Perante as desconformidades, Bruxelas considera que as regras têm sido aplicadas de uma forma ilícita, o que viola as regras de concorrência no mercado interno, e exige que Portugal recupere as ajudas junto das empresas que beneficiaram de uma redução do IRC de forma indevida. Terá de o fazer em relação àquelas que foram licenciadas ao abrigo do regime III e que beneficiaram de auxílios indevidos superiores a 200 mil euros por ano.

Embora este problema tenha sido identificado em relação às empresas do regime III, é extensível ao regime IV em todas as situações em que a atribuição do benefício esteja a ser feita sem ter em conta a localização dos lucros e dos postos de trabalho. Daí que o Governo, ao decidir estender o regime por mais um ano, esteja a fazer mudanças na lei. Para já, o comunicado do Conselho de Ministros não detalha as alterações.

Organizar o reembolso

Portugal tem oito meses para recuperar as ajudas ilegais. Para isso, o Governo já fez saber ao Parlamento que irá mandatar a directora-geral da autoridade tributária (AT) nacional, Helena Borges, para que o fisco nacional coordene o plano, em articulação com a autoridade tributária regional (AT-RAM).

O plano tem de estar desenhado dentro de quatro meses e ser executado nos quatro seguintes, explicou no Parlamento há dias o secretário de Estado dos Assuntos Fiscais, António Mendonça Mendes.

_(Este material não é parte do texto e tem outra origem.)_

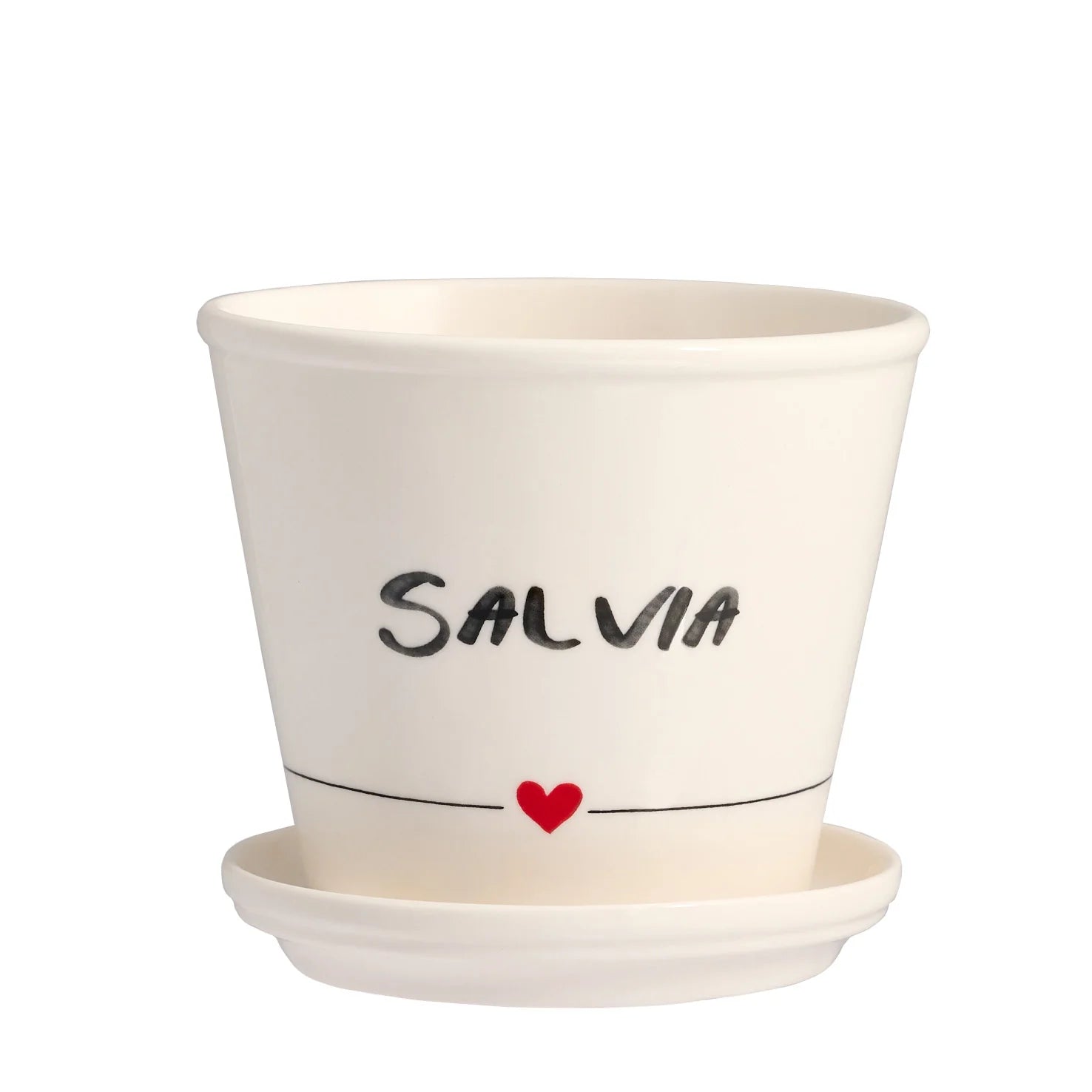 Vaso Salvia con sottovaso in gres decoro "Salvia" bianco con scritta in nero. Simple day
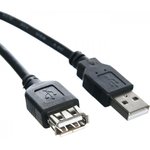 TUS6990-1.5M, Кабель удлинительный TELECOM USB2.0  Am-- Af  1,5 м черный.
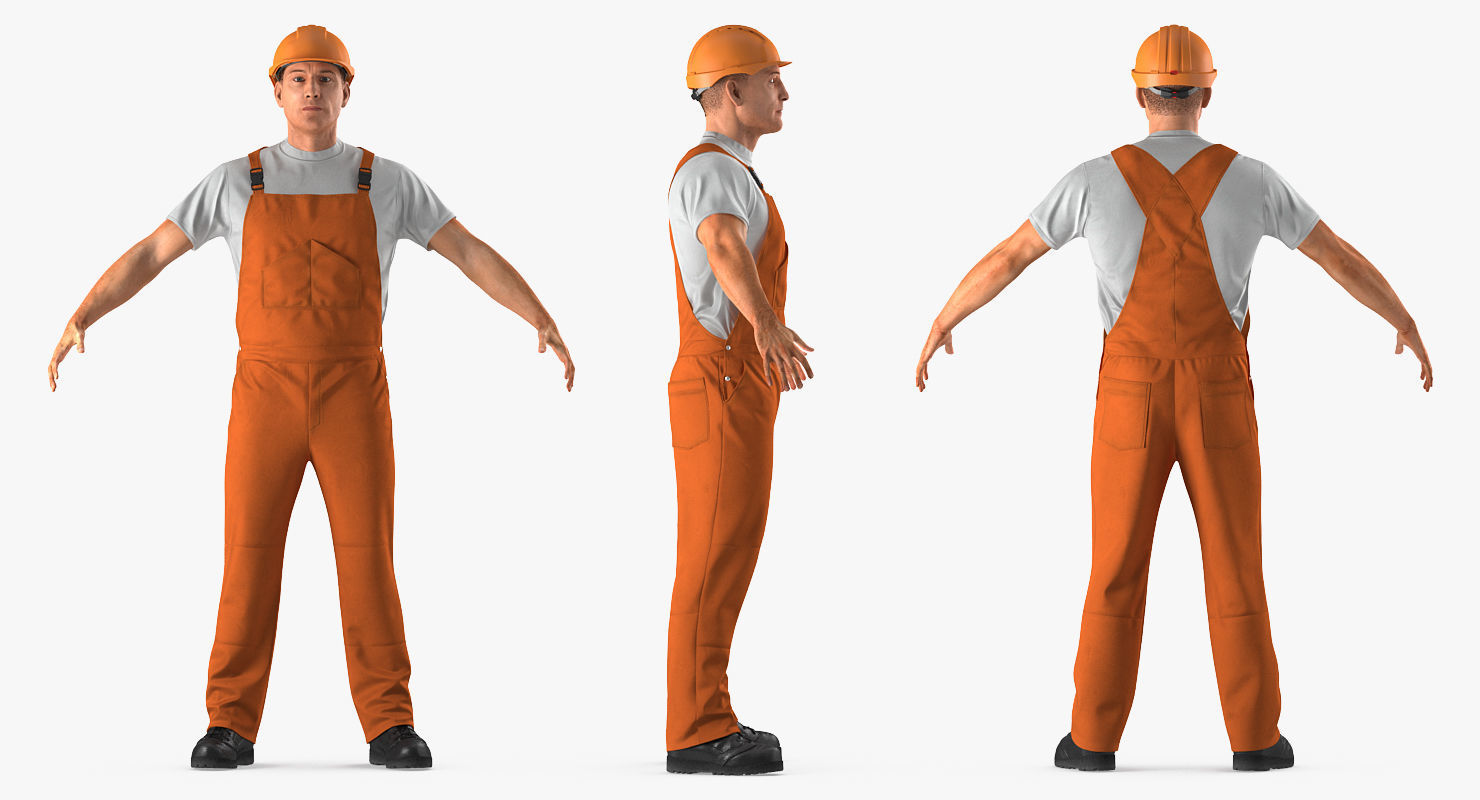 Worker In Orange Overalls Rigged for Maya 3D model_1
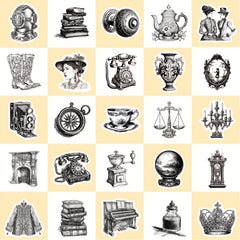 50pcs Gothic Retro Stickers for Water Bottle Laptop Phone Skateboard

Para isso, terá de existir uma articulação entre Lisboa e o Funchal, porque há algumas empresas sediadas na ZFM que são fiscalizadas pela Unidade dos Grandes Contribuintes da AT nacional (24 grandes empresas), mas as restantes são acompanhadas pela AT-RAM, que responde perante o governo e o parlamento regionais.

Ao realizar a sua investigação aprofundada, a Comissão Europeia analisou a lista completa dos trabalhadores das empresas da ZFM e chegou a três conclusões. Uma parte significativa dos empregos (cerca de 40% em 2012 e 30% em 2013) que deram origem a benefícios fiscais eram membros dos conselhos de administração e podiam exercer funções em muitas outras empresas (fazendo multiplicar o número de postos de trabalho).

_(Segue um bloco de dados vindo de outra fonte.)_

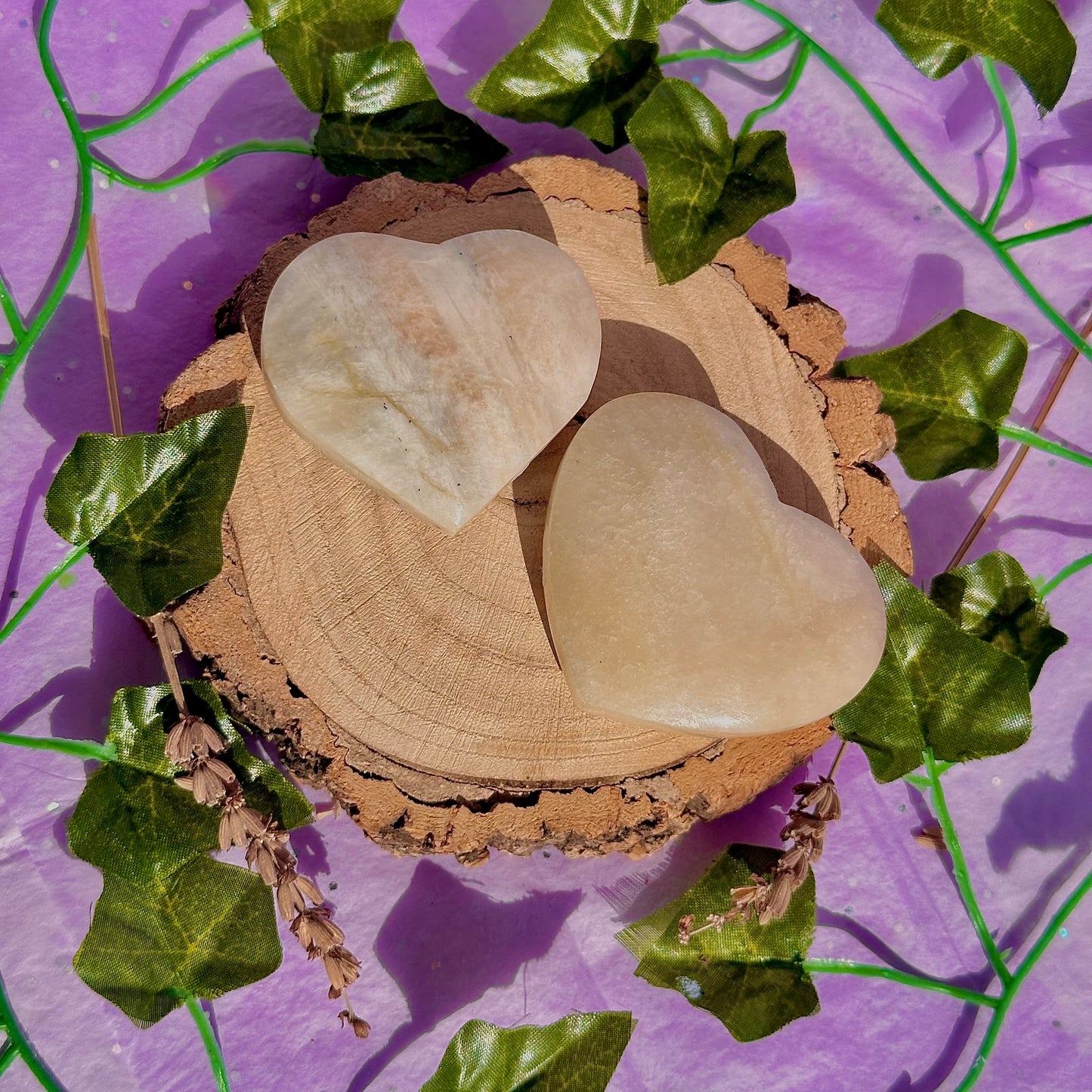 belomorite sunstone & moonstone heart carvings ~ intuitively chosen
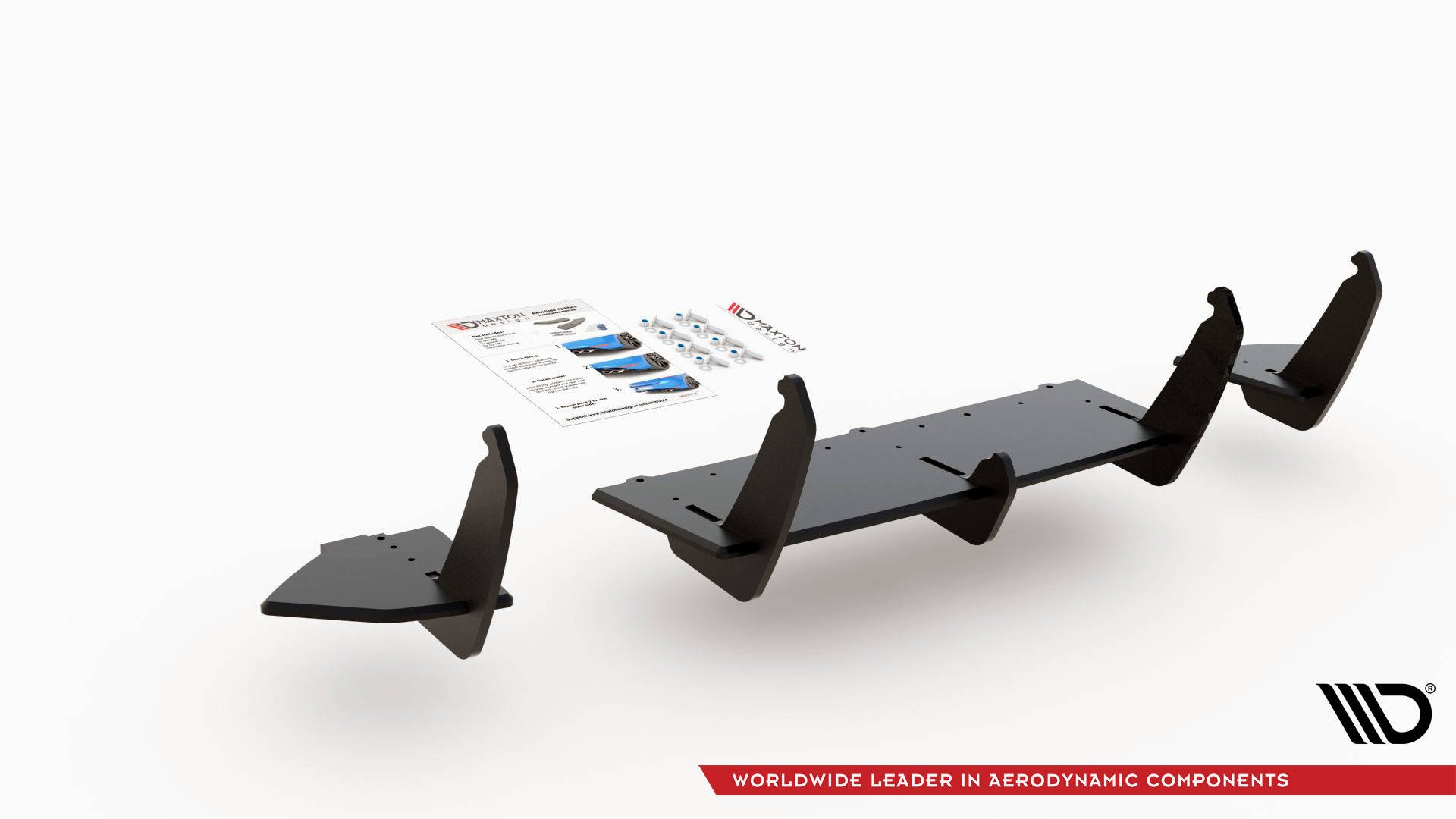 Street Pro Heckschürze Heck Ansatz Diffusor passend für Ford Focus RS Mk3 schwarz-rot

Ao mesmo tempo, “apenas 65 % dos empregos comunicados para 2012 e 2013 são ocupados por pessoas cujos nomes figuram unicamente associados às respectivas empresas beneficiárias”. E verificou ainda que “os trabalhadores que trabalharam apenas uma pequena parte do ano fiscal foram contados como se tivessem trabalhado todo o ano para o cálculo do número de empregos”.

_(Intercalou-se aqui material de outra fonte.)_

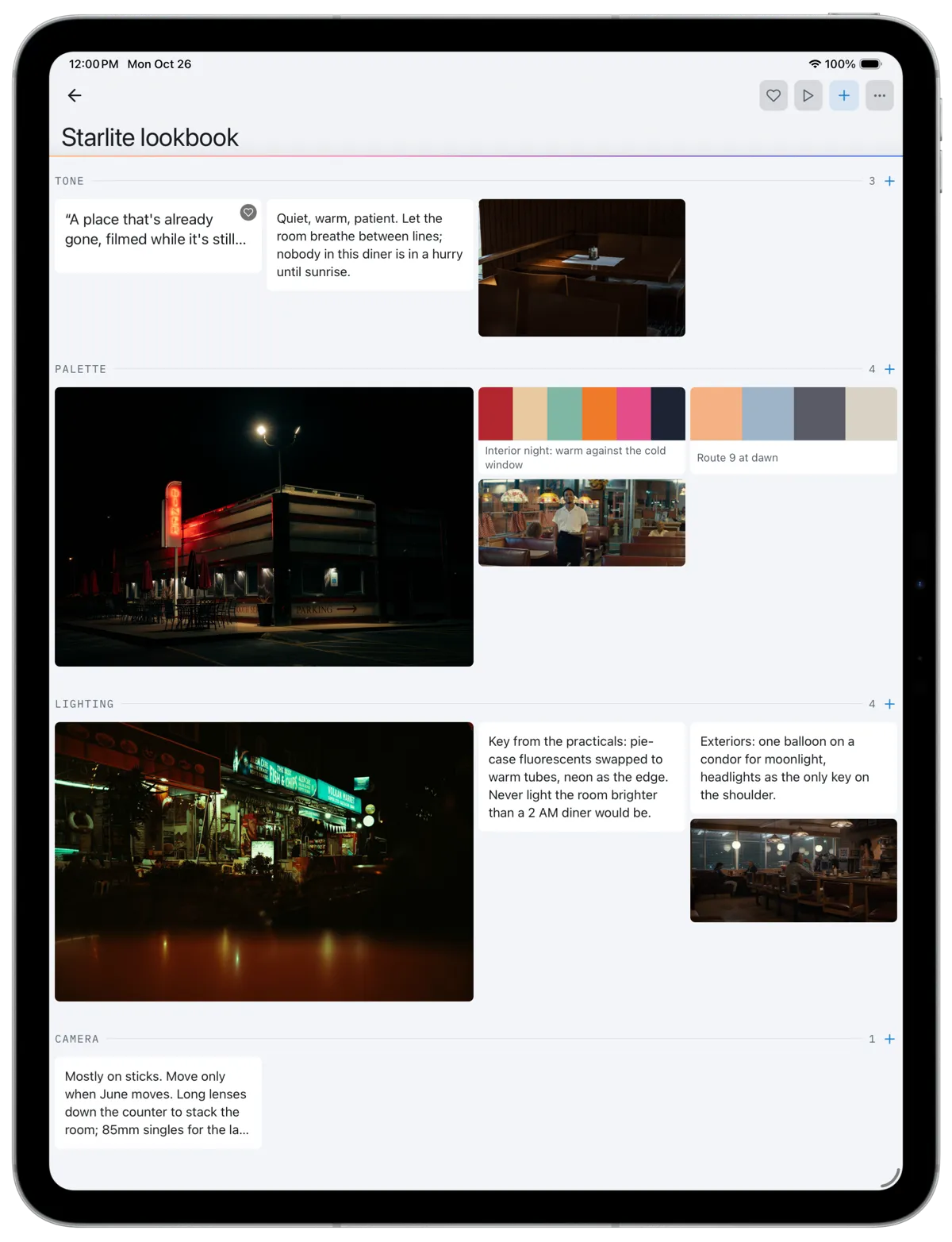 A CineFlo mood board on iPad for a short film: tone notes and references, two named color palettes, night diner stills, and lighting and camera notes.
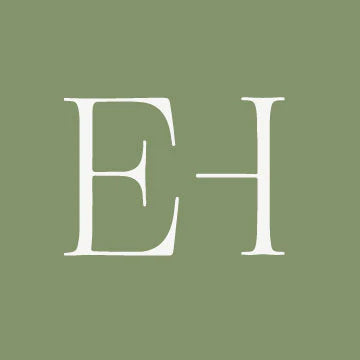 White serif letters "EH" on a solid sage green background.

Bruxelas já tinha chegado a esta conclusão em 2018, quando decidiu que o regime estava a ser aplicado de uma forma ilegal e confirmou essa interpretação agora, ao declarar, de forma definitiva, que Portugal tem de ir recuperar as ajudas.

A fundamentação

No caso dos postos de trabalho, o que conta para a Comissão Europeia é o facto de as orientações relativas aos auxílios estatais com finalidade regional que permitiram a aprovação do regime IV em 2007 se basearem no princípio de que a “criação de emprego” exige um “aumento líquido do número de trabalhadores directamente empregados no estabelecimento considerado em comparação com a média dos 12 meses anteriores”, implicando deduzir o número “aparente de postos de trabalho criados durante o período de doze meses em questão os postos de trabalho eventualmente suprimidos durante o mesmo período” — o que exige a criação real de empregos na região —, ao mesmo tempo que o trabalho a tempo parcial e o trabalho sazonal devem ser consideradas fracções de unidades de trabalho anuais e não de forma idêntica ao trabalho permanente.

Na decisão preliminar, Bruxelas admitia que esta definição “não foi incluída nas decisões de aprovação da Comissão” e “não está incluída na parte relativa ao auxílio ao funcionamento das OAR de 2007”, mas fundamentava que ela “é utilizada na prática da Comissão para efeitos de apreciação de todos os auxílios com finalidade regional e, uma vez que é claramente estabelecida nas OAR de 2007”, as decisões da Comissão não tinham “necessariamente de a incluir no texto” de aprovação do regime português.